At least 16 of the individual rights model articles “were written by lawyers who had been directly employed by or represented the NRA or other gun rights organizations, although they did not always so identify themselves in the author’s footnote.”
By the 1990s, the tide had changed: “At least fifty-eight law review articles endorsing the individual right view would be published during the 1990s (compared to twenty-nine favoring the collective right position).”
It can be easy to underestimate the impact of these kinds of journal articles. Many people may wonder who even reads law review journals. The answer, however, is legal scholars, lawyers, judges, and politicians — and these people then permeate their ideas in popular media and in their day-to-day work. Over time, that can lead to a big shift in public opinion and policy.

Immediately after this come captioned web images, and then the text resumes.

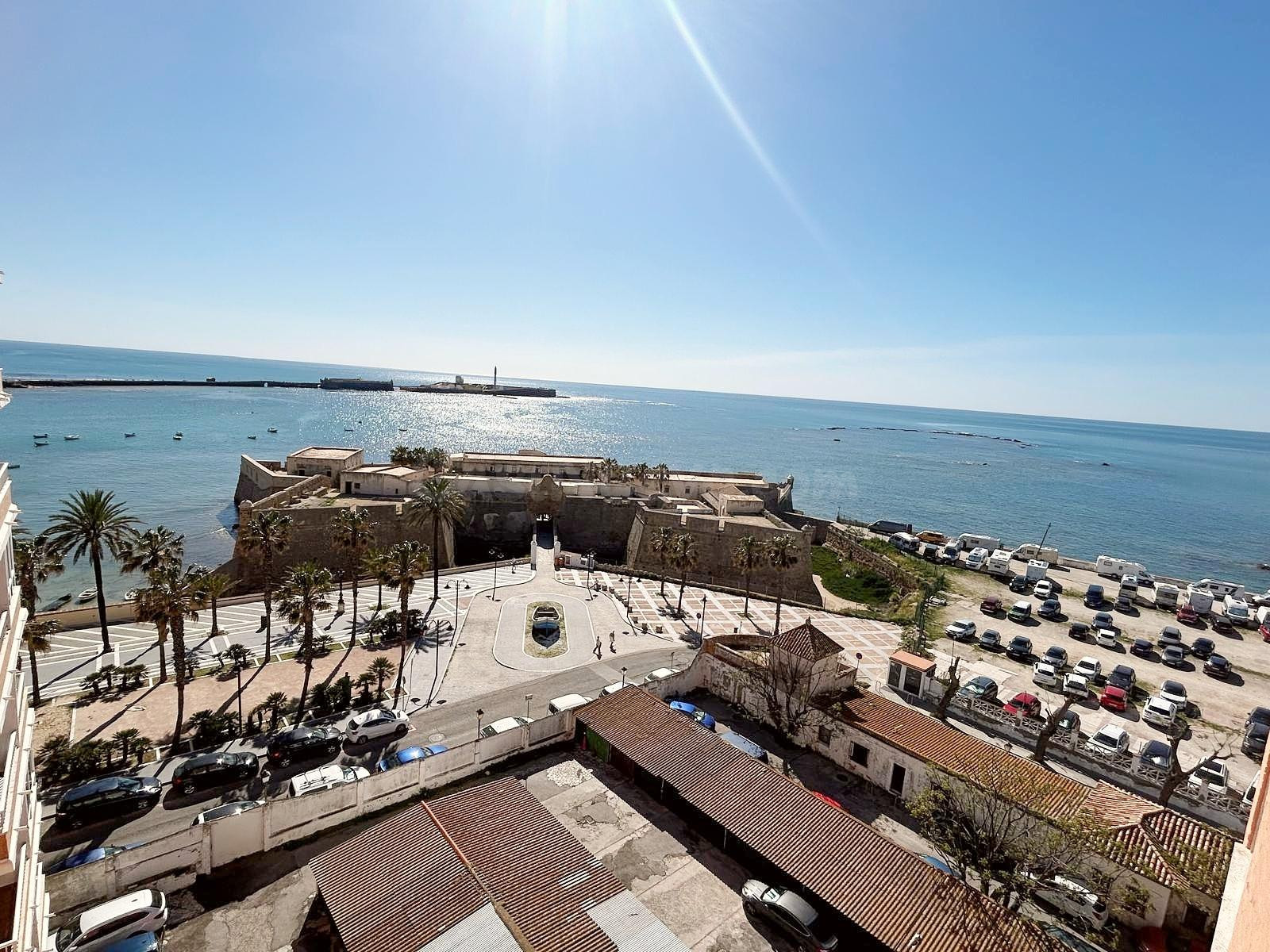 PLAYA LA CALETA - CÁDIZ - ¡ VISTAS AL MAR CON ASCENSOR Y GARAJE !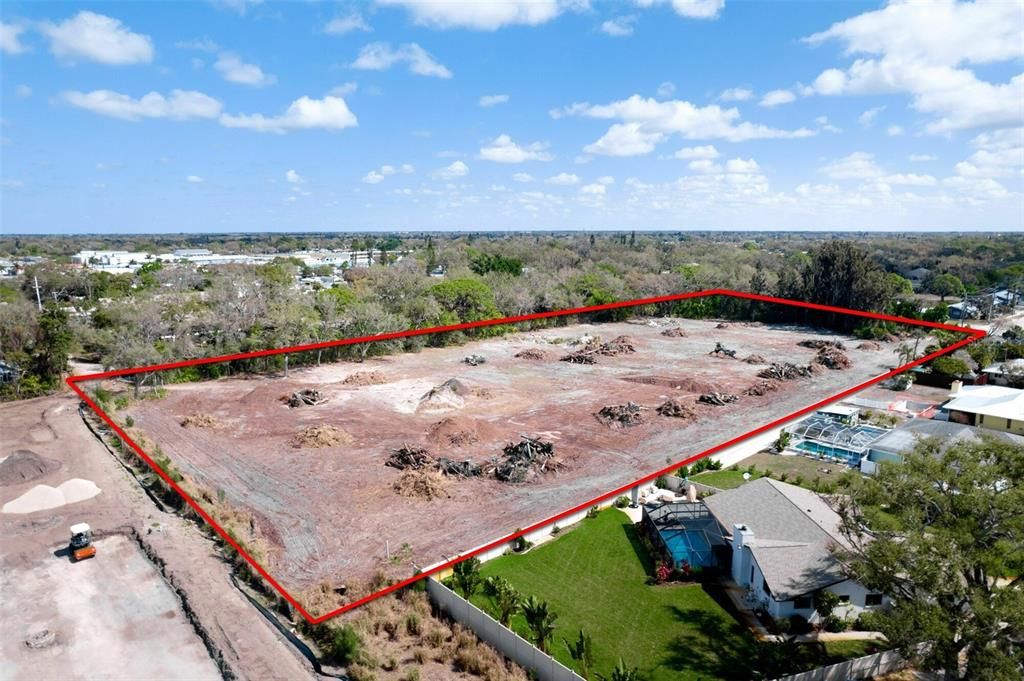 待售: $7,350,000 (4.77 acres)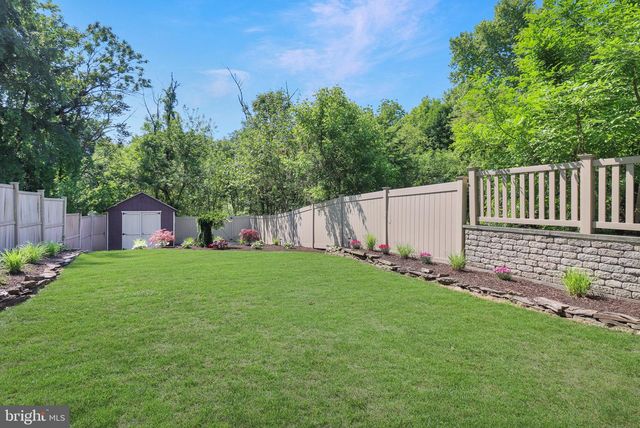 316 NORMAN AVE, Roebling, NJ 08554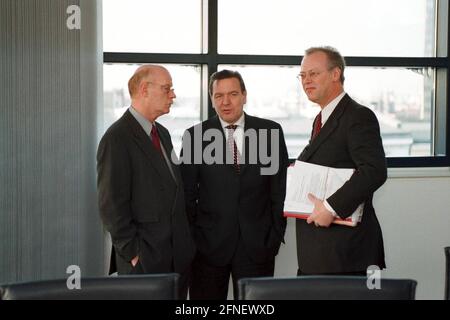 Peter Struck, SPD, leader del partito parlamentare, Cancelliere Gerhard Schröder, SPD, E Rudolf Scharping, SPD, Ministro federale della difesa, in conversazione, prima dell'inizio della riunione del Comitato esecutivo SPD presso la Casa del marchio Willi a Berlino. [traduzione automatizzata] Foto Stock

The Supreme Court’s new reading of the Second Amendment reflects that. And from Stevens’s view, it has created such an untenable position that he argues the amendment must now be repealed.
This idea isn’t going to get anywhere
While Stevens’s historical retelling may be correct, the reality is this proposal isn’t going to get very far.
Adam Winkler, a UCLA law professor and author of Gunfight, argued on Twitter that the basic problem here is this is now more a political battle than a legal one: Even before the Supreme Court’s Heller decision, gun control struggled — because organizations like the NRA made it very difficult, politically, to get anything done. That’s the real hurdle, Winkler claimed, more than how the courts interpret the Second Amendment.
For gun control advocates, the good news is this may be changing.
The political obstacle has not been public opinion per se. Based on surveys by Gallup and the Pew Research Center, a majority of Americans back stricter gun laws, and even bigger majorities support specific policies like universal background checks, restrictions on people with mental illness buying guns, an assault weapons ban, and a federal database to track gun sales, with support for these policies sometimes topping 75 percent even among Republicans. This has been true for years in US politics.
Instead, the big obstacle is issue intensity. Republican strategist Grover Norquist put it this way, back in 2000: “The question is intensity versus preference. You can always get a certain percentage to say they are in favor of some gun controls. But are they going to vote on their ‘control’ position?” Probably not, he suggested, “but for that 4-5 percent who care about guns, they will vote on this.”
The March for Our Lives may be changing this. By getting people riled up on the issue of guns — to the point that hundreds of thousands came to Washington, DC, to march over the weekend — the movement can build a voting group that’s just as passionate on gun control as the other side is for gun rights.
Winkler suggested that this is the right path forward:
March for Our Lives’ success is far from guaranteed. But if you agree with Winkler, this is a more plausible way of enacting stricter gun laws than an attempt to repeal a constitutional amendment.